Marisa Anderson CLOUD CORNER
[Uscita: 15/06/2018]
Stati Uniti
Di Marisa Anderson, eclettica chitarrista e polistrumentista americana, si parla sempre troppo poco, in relazione al suo cristallino talento compositivo. Il quarto album solistico, “Cloud Corner”, vede la luce per la meritoria etichetta di musiche aliene Thrill Jockey, e non è un caso. Ciò che si rileva maggiormente in queste dieci tracce per sola chitarra è il suono scarno, crepuscolare, rinviante a immagini di stracchi pomeriggi piovosi sotto un cielo ebbro di varie cromìe di grigio.

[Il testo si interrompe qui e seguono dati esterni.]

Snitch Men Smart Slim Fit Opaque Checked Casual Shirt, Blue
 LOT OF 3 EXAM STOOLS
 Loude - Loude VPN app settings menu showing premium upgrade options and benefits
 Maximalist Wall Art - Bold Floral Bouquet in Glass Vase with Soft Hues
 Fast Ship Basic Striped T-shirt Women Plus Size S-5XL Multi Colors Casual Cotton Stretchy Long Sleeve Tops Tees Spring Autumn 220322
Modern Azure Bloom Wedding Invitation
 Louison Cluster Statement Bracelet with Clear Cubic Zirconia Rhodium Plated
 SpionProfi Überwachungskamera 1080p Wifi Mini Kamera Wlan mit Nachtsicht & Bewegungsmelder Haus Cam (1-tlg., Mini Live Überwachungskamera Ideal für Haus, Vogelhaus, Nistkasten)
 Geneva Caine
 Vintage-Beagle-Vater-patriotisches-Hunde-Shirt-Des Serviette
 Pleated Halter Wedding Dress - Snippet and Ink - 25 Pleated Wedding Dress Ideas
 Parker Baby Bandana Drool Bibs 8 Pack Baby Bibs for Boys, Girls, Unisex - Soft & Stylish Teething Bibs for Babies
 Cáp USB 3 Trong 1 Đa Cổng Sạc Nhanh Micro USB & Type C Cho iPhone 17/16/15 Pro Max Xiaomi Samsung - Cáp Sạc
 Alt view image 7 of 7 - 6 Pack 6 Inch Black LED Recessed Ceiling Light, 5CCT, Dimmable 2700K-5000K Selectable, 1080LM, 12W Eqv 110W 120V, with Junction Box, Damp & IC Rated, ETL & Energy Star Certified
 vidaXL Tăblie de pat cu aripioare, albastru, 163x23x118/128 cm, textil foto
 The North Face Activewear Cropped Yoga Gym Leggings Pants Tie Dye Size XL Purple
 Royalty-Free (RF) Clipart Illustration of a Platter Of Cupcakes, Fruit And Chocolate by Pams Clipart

Il fatto che Marisa viva a Portland, una delle città più piovose del mondo, deve pur significare qualcosa. Presunte meteoropatie a parte, l’album suona dolente, sin dall’iniziale Pulse, chitarra arpeggiata modulata su scale melanconiche, la tecnica del fingerpicking che dona ampiezza al suono, rendendolo spiraliforme.
Alla maniera di un John Fahey, se il paragone non paresse troppo temerario, si svolgono le altre tracce del disco: la crepuscolare Slow Ascent, ricca di sfumature dalle gradazioni pastello; la quieta armonia sonora di Angel’s Rest; Cloud Corner, dai toni più sostenuti e sommossi, tecnica ineccepibile. Tra le altre tracce suscettibili di particolare menzione ci paiono spiccare: Sun Song, chitarra appena pizzicata che dà all’impianto compositivo una parvenza di alone luminoso; il liquido e doloroso blues di Lament, uno dei frammenti più intensi e poetici dell’intero album; l’oscura discesa nell’abisso di Surfacing; la circolare melanconia sonora della conclusiva Lift. In definitiva, un album intenso e poetico che, in ragione della particolare struttura per sola chitarra, può dare l’impressione di una certa monocromia, e tuttavia mostra a tratti lampi di vivida iridescenza.